Pourquoi le cacher? J’ai ressenti énormément de satisfaction en accompagnant durant deux années la mise en place du projet pédagogique du Lycée Aline Mayrisch. Tout d’abord, j’ai le sentiment d’avoir participé à une aventure exceptionnelle, d’avoir travaillé sur un sujet épineux et essentiel des sciences de l’éducation: la mise en route d’un nouveau lycée avec tout le flot des attentes diffuses émanant de la Direction, des futurs enseignants, des responsables politiques, des parents et bien sûr des élèves. Ensuite, cette expérience m’a donné la chance d’éprouver le plaisir simple mais vital de rencontrer des personnes, beaucoup de personnes. C’est une formidable aubaine de participer à la création d’une oeuvre commune! Ces deux années passées au Lycée Aline Mayrisch constituent pour moi un grand moment, intellectuellement et émotionnellement.
Une équipe…
Au-delà des clichés, dans la gestion d’un projet de cette envergure, il importe d’attacher la plus haute importance à la mise en création d’une véritable équipe pédagogique. Elle englobe évidemment les enseignants mais également les Directeurs, les membres du Spos, l’équipe technique et administrative. Même si le concept peut paraître éculé, la notion de «grande famille» prend au Lycée Aline Mayrisch tout son sens. Dépasser les divergences, s’enrichir des différences pour parvenir à marcher ensemble vers un objectif commun est fondamental. C’est peut-être ce parfum que l’on perçoit le mieux mais qui se traduit difficilement en mots lorsqu’on passe les portes du lycée. C’est probablement ce parfum qui fait la différence. Pour parvenir à créer et à nourrir cet esprit sans lequel il sera difficile voire impossible de progresser, de multiples initiatives sont mises en place: les week-ends de travail, les rencontres du lundi, les soirées festives, l’accueil des nouveaux enseignants, les conférences plénières interactives, …

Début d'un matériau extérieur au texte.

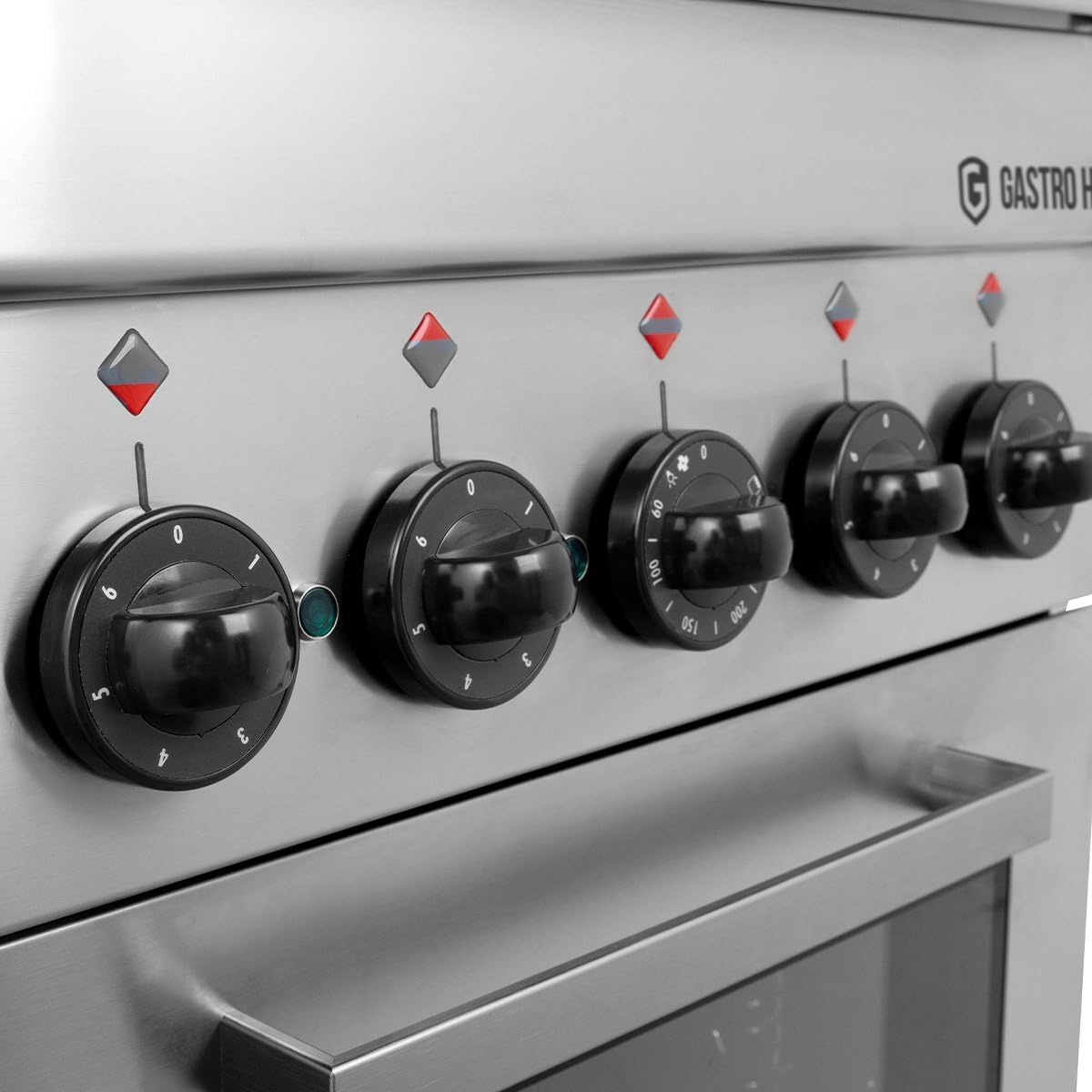 GastroHero Elektroherd mit Elektrobackofen, Edelstahl ME066-03-013 | mit Elektrogrill, 4 Kochfelder, Überhitzungsschutz, inkl. Thermostat, Leistung der Kochstellen 8,2 kW, 400V, Made in Europe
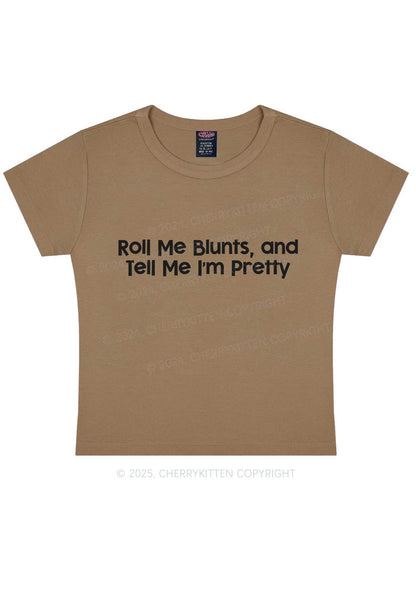 Roll Me Blunts Y2K Baby Tee Cherrykitten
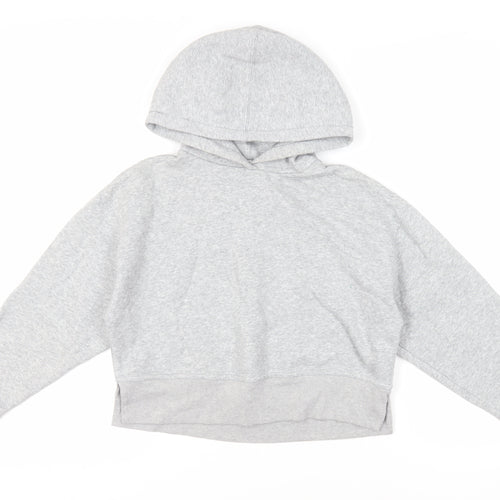 Zara Womens Grey Cotton Pullover Hoodie Size S Pullover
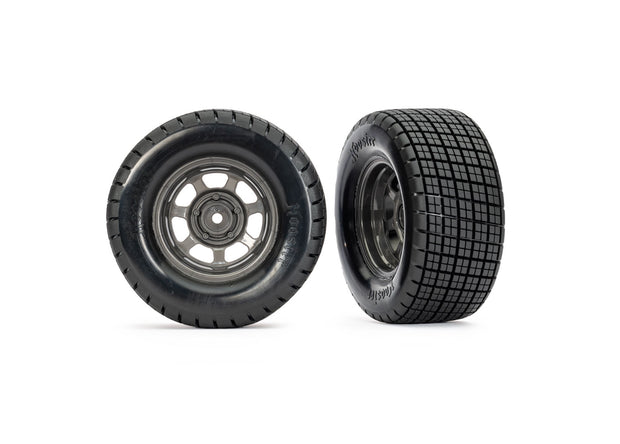 Dirt Oval Gray Front Wheels w/ Hoosier Tires (2)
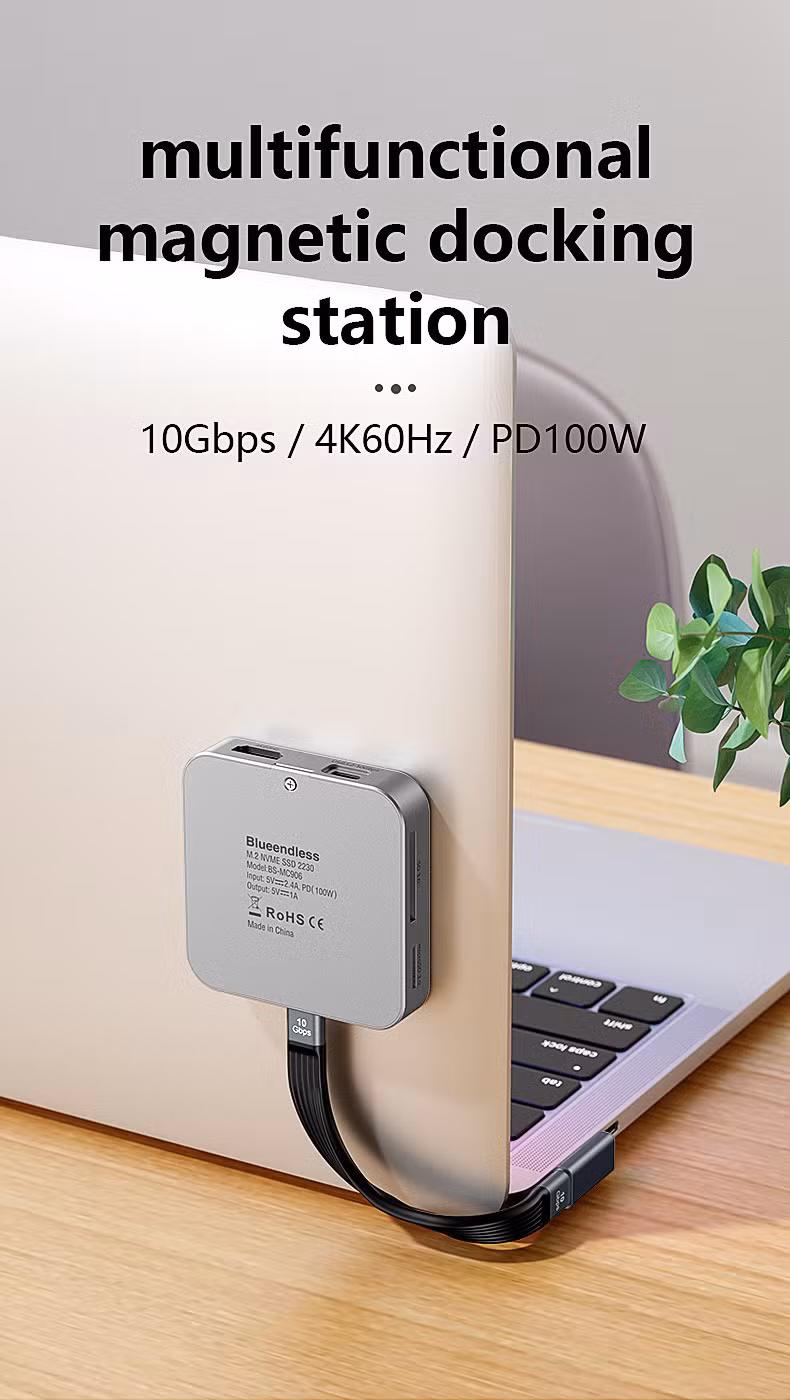 Wholesale OEM Magnetic 2230 Nvme M.2 SSD Enclosure, 10gbps USB C 3.2 to Nvme M.2 Adapter, Aluminum External SSD Case, Support M-Key B+M Key Uasp, OEM HDMI Dock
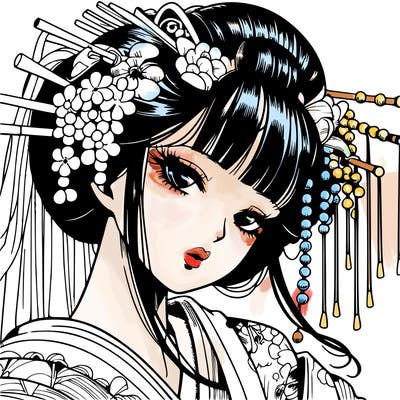 manga geisha detail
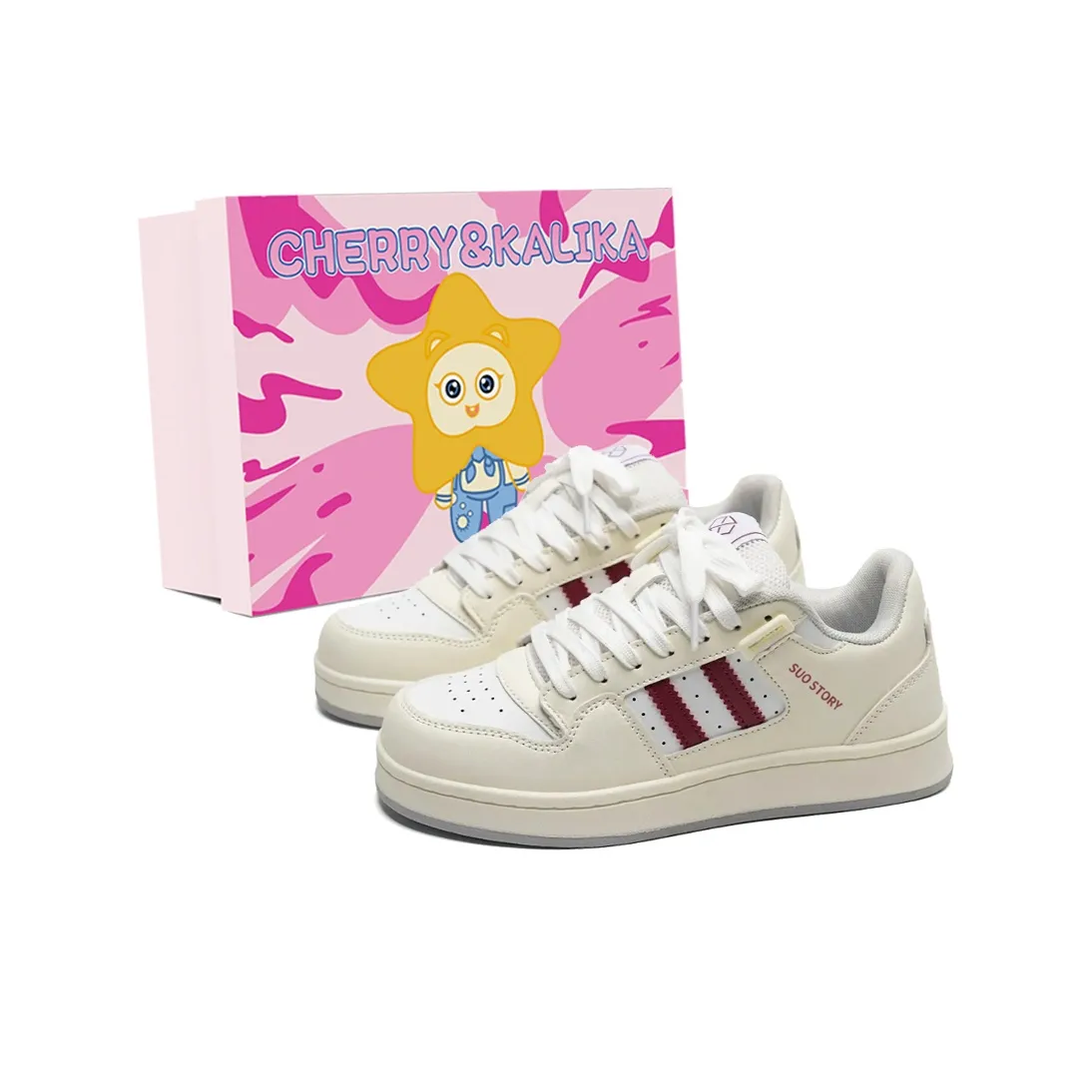 CHERRY&KALIKA Skateboard Shoes Women's Low Top Burgundy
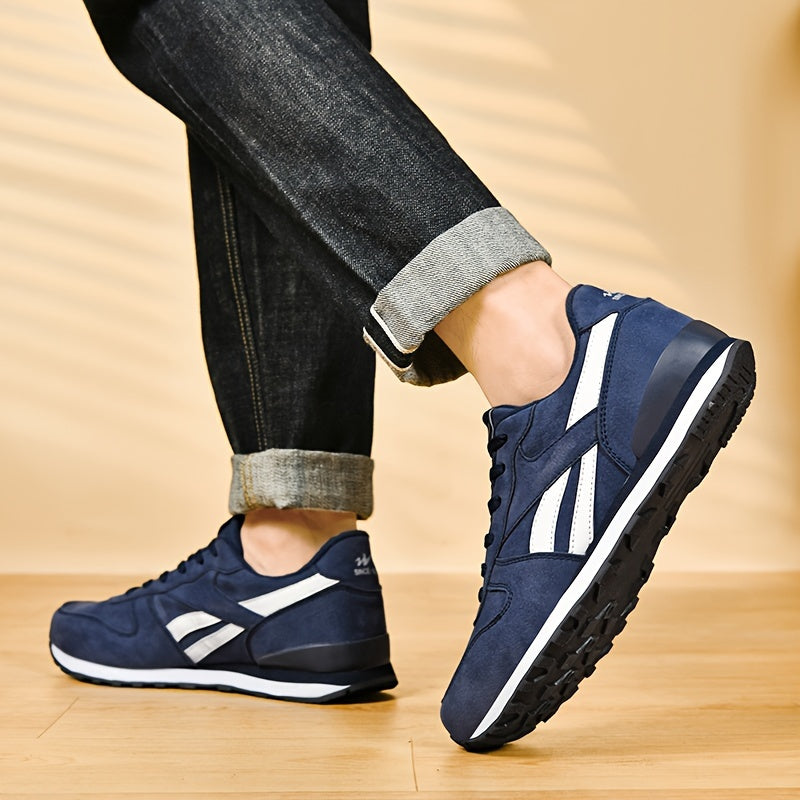 Men's Casual Non-Slip Lace-Up Sneakers for Outdoor Jogging and Walking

Tout être humain est naturellement prêt à s’engager dans un projet à condition qu’il en soit l’auteur, en tout ou en partie. S’il participe à son élaboration, si son rôle ne se réduit pas à celui du simple exécutant, il se reconnaît et s’investit dans cette initiative. Il ne faut pas s’y tromper: l’équipe «Aline Mayrisch» fait le Lycée Aline Mayrisch.
Un projet…
La base, la clé de voûte, c’est le Projet Pédagogique. Sans lui, rien n’est possible. Ce texte fixe la philosophie et les valeurs que le lycée souhaite mettre en avant. En exprimant les visées de l’école, il permet d’assurer la cohérence du système face au pluralisme des pratiques. Il constitue la référence. Evidemment, pour être efficace, il doit rencontrer l’adhésion de toute l’équipe pédagogique. Il importe donc de le penser et de le rédiger en concertation avec tous les acteurs concernés. Une fois constitué, le document «Projet Pédagogique du Lycée Aline Mayrisch» sert de garde-fou aux idées futures. Dès qu’il ne joue plus ce rôle, il convient alors de le revisiter, de le réajuster voire de le changer plus fondamentalement.
Une structure…
Le Projet Pédagogique étant décrit, le plus compliqué reste à venir: faire vivre ce Projet Pédagogique et le traduire quotidiennement en des activités, des pratiques, des initiatives, … Pour assurer cette gestion journalière, il semble nécessaire de mettre en place une cellule pédagogique, baptisée au Lycée Aline Mayrisch «Département Recherche et Projets». Celui-ci permet la mise en oeuvre effective du Projet Pédagogique et des actions qu’il déclenche. Il sert à gérer une situation apparemment paradoxale: veiller à la cohérence globale sans étouffer la créativité individuelle des membres de l’équipe. En ce sens, il assure «le pilotage des idées». S’il semble évident qu’un lycée ne peut fonctionner sans une cellule administrative, pourquoi en va-t-il autrement pour une cellule pédagogique? L’école est organisée comme un lieu où se côtoient des élèves, des professeurs, des directeurs, des secrétaires, des techniciens… chacun travaillant à sa place, chacun faisant ce pour quoi il a été formé. Pour que cette juxtaposition se transforme en un système, en une «organisation apprenante», il est nécessaire de dégager une culture commune et pour ce faire, de construire une oeuvre commune. Passer d’une logique de «travaux parallèles» à une logique de «travail concerté visant la réalisation d’un projet» ne se fait pas en un claquement de doigts. La création d’une cellule pédagogique a pour objectif de réussir ce changement de paradigme. Le métier d’enseignant a changé, celui d’élève aussi. Face aux nouveaux défis de notre société, l’école ne peut se contenter de «faire comme avant», elle se doit de se doter de structures permettant de faire face à cette mutation. Là encore, le Lycée Aline Mayrisch l’a très bien compris.
Des écueils évités…
Au cours de ces trois premières années de fonctionnement, le Lycée Aline Mayrisch a merveilleusement évité deux écueils qui me paraissent cruciaux, à savoir l’absence de débat et le manque de traces.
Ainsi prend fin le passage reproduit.